Tekfir; başkasına küfür nispet etmek, Müslümanın kafir olduğunu söylemektir. Halbuki Müslüman olduğunu söyleyen söz ve davranışlarında açıkça küfrü çağrıştıracak bir işaret olmayan kimseye kâfir demek son derece ağır bir vebaldir. Nefret, cehalet ve menfaat sebebiyle Müslümanı küfür ve şirkle itham etmek birlik ve kardeşlik ortamını dinamitlemektir. Böyle bir tavır düşmanları yâr, dostları ağyar konumuna getirmektir. Sevdiğini Allah için sevmek, yerdiğini de Allah için yermek Müslümanın şiarıdır.
Ehl-i Sünnete göre büyük günah işlese de ehl-i kıble tekfir edilemez. Müslümanı kafir görme yanılgısı, kafiri Müslüman görme yanılgısından daha ağırdır. Bir kimsenin kafir olma ihtimali doksan dokuz, mü’min olma ihtimali bir olsa onu Müslüman saymak daha ihtiyatlı bir tutumdur. Aksi halde o kimse ebedi bir mahrumiyete maruz bırakılmış olur.

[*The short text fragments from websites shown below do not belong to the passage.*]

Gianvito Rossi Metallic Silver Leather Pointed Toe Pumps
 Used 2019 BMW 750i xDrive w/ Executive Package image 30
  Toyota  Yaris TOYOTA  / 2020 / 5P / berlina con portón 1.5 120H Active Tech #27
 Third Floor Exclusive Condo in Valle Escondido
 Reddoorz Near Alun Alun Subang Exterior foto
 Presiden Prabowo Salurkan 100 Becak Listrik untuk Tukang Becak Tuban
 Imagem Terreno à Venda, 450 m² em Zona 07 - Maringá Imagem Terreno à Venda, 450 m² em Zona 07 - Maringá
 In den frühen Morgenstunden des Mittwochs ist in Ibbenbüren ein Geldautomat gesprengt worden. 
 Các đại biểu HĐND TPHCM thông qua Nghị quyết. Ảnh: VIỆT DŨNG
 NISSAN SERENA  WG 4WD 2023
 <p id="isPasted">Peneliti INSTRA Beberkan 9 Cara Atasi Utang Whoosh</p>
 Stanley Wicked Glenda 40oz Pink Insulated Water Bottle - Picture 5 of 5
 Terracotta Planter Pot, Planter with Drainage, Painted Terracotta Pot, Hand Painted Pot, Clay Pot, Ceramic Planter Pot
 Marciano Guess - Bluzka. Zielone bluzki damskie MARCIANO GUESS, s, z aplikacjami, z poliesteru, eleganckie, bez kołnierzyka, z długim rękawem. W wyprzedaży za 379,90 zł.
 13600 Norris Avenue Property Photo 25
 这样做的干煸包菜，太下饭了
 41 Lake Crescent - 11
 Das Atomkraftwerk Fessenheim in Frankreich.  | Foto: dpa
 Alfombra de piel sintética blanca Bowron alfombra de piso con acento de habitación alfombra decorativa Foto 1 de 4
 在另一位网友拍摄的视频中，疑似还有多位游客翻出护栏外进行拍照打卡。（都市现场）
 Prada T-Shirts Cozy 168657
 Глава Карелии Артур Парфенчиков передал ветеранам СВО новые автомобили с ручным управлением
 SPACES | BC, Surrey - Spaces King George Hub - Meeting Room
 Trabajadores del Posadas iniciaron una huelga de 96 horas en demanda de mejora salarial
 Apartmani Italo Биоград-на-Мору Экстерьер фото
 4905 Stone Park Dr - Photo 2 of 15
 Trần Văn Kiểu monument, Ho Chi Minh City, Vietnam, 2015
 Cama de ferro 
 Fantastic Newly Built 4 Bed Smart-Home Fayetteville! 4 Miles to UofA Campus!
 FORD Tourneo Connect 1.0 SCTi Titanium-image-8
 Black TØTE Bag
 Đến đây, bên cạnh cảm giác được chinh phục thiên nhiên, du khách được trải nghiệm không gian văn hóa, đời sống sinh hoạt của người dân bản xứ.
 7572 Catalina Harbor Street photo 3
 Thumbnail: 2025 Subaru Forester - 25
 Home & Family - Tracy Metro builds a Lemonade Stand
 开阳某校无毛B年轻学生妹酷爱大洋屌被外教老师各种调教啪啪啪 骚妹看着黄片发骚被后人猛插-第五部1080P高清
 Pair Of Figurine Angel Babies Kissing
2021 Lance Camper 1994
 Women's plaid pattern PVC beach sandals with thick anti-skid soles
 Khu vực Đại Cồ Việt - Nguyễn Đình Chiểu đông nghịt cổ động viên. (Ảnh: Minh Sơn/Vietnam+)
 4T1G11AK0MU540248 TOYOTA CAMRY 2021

"BİR MÜ'MİNİ LANETLEYEN ONU ÖLDÜRMÜŞ GİBİDİR"
Müslümanı lanetlemenin, onu tekfir etmenin ne derece büyük bir suç olduğunu Hz. Peygamber (s.a.v.) şöyle ifade buyurdular: “Bir mü’mini lanetleyen onu öldürmüş gibidir, bir mü’mini küfürle itham eden onu katletmiş gibidir.” (Buhari, Edeb, 44) “Bir kimse bir kimseyi fâsıklık ve kâfirlikle suçlamasın. Suçladığı kimseler fâsık ve kâfir değilse bu sıfatlar kendisine döner.” (Buhari, Edeb, 44)
İmanın esası kalben tasdiktir, dil ile ikrar Müslüman muamelesi görmesi içindir. İnsanların kalbini ve niyetini okumak mümkün olmadığına göre kişinin beyanı esas alınır. Biz zahire göre hükmederiz, herkesin iç yüzünü Mevlâ bilir. Şüphelendiğimiz kimseleri suçlamak yerine araya mesafe koyarız. Bu mesafe onu büsbütün uzaklaştırıcı olmak şeklinde değil, sırlarımıza vakıf kılmamak şeklinde olmalıdır.
İnsanları değerlendirirken sevgi, nefret ve menfaat gibi sübjektif kriterleri değil, objektif ölçüleri esas almalıyız. Çünkü sevgi, nefret ve menfaat duygusu insanı kör ve sağır yapar. Hükümde maddi delillere itibar edilir.
Gelişi güzel tekfirin ve buna bağlı sonuçların ne büyük facialara yol açtığını çarpıcı bir misalle açıklayalım.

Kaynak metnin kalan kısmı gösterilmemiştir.